What is being asked: Would you please repeat exactly the entries below, starting at the line with "2014 Isuzu Elf" and ending at the line with "Hotel JMD Nirvana Stays Inn photo", and nothing outside that range? Leave out the pictures.
-- Supplied material follows --
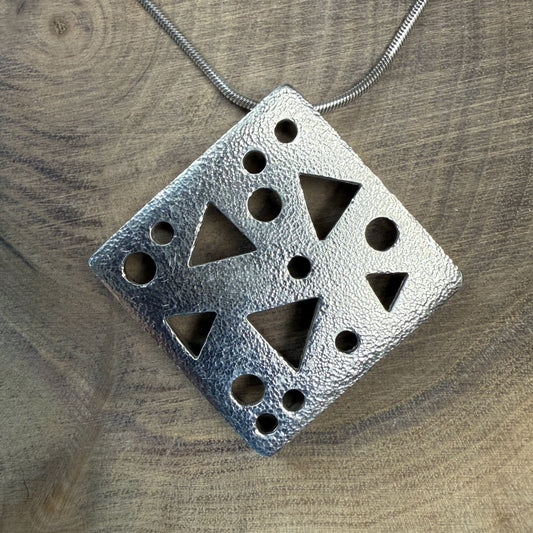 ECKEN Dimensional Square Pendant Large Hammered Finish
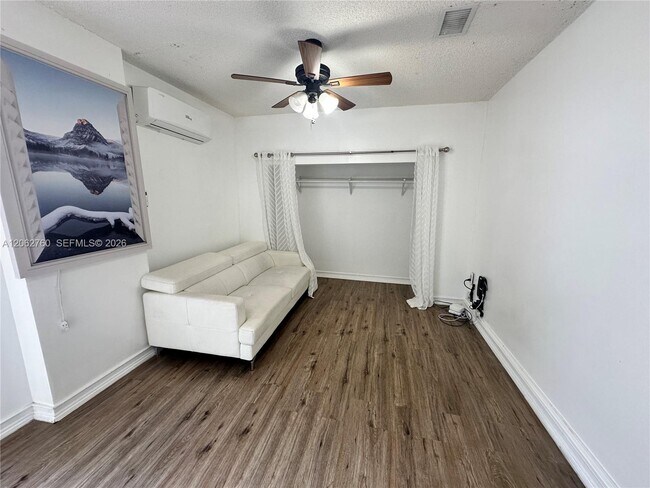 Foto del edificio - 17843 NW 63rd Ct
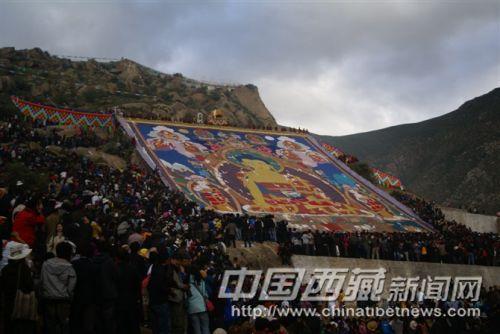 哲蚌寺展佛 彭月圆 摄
-- Supplied material concluded --
-- Supplied material follows --
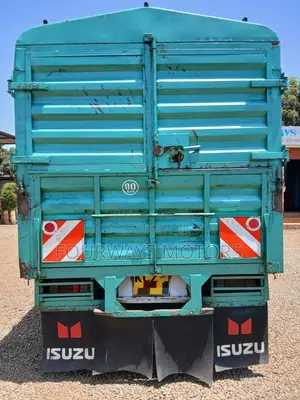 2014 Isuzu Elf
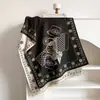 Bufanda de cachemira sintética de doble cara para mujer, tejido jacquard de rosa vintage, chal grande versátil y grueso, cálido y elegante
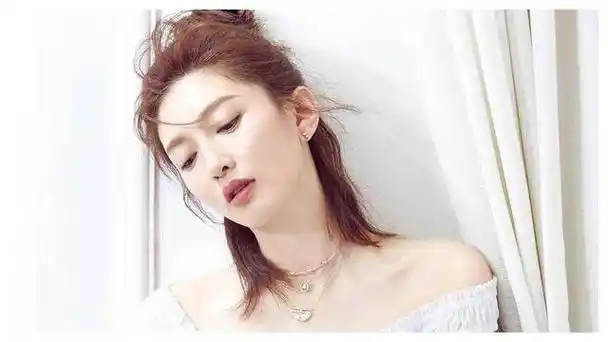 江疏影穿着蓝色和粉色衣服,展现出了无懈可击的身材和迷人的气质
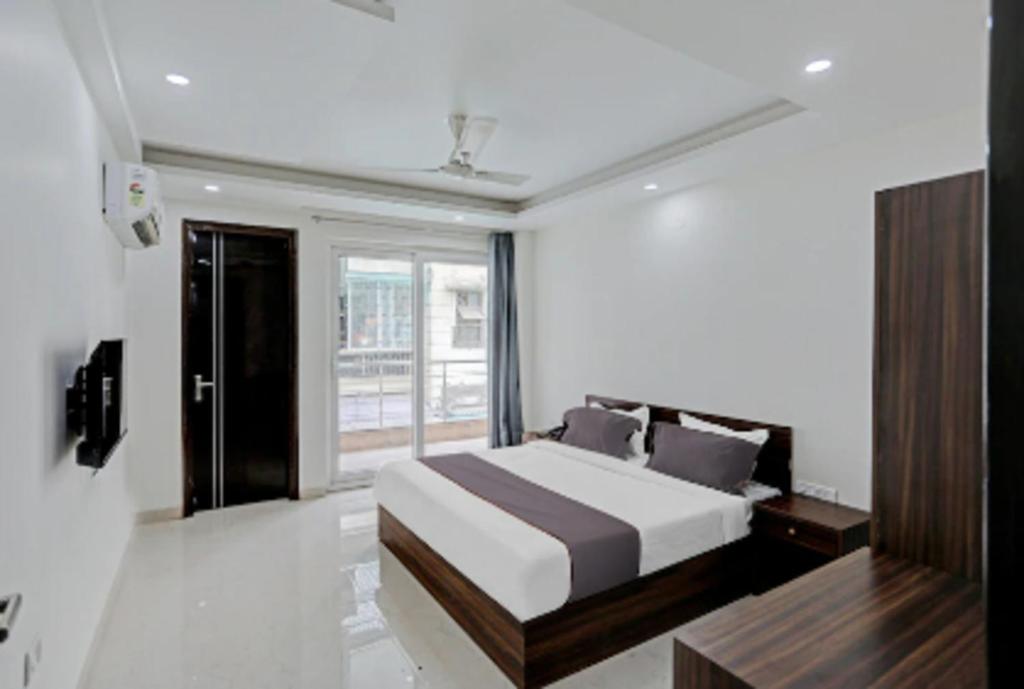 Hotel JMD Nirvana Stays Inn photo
-- Supplied material concluded --
Solved problem:
 2014 Isuzu Elf
 Bufanda de cachemira sintética de doble cara para mujer, tejido jacquard de rosa vintage, chal grande versátil y grueso, cálido y elegante
 江疏影穿着蓝色和粉色衣服,展现出了无懈可击的身材和迷人的气质
 Hotel JMD Nirvana Stays Inn photo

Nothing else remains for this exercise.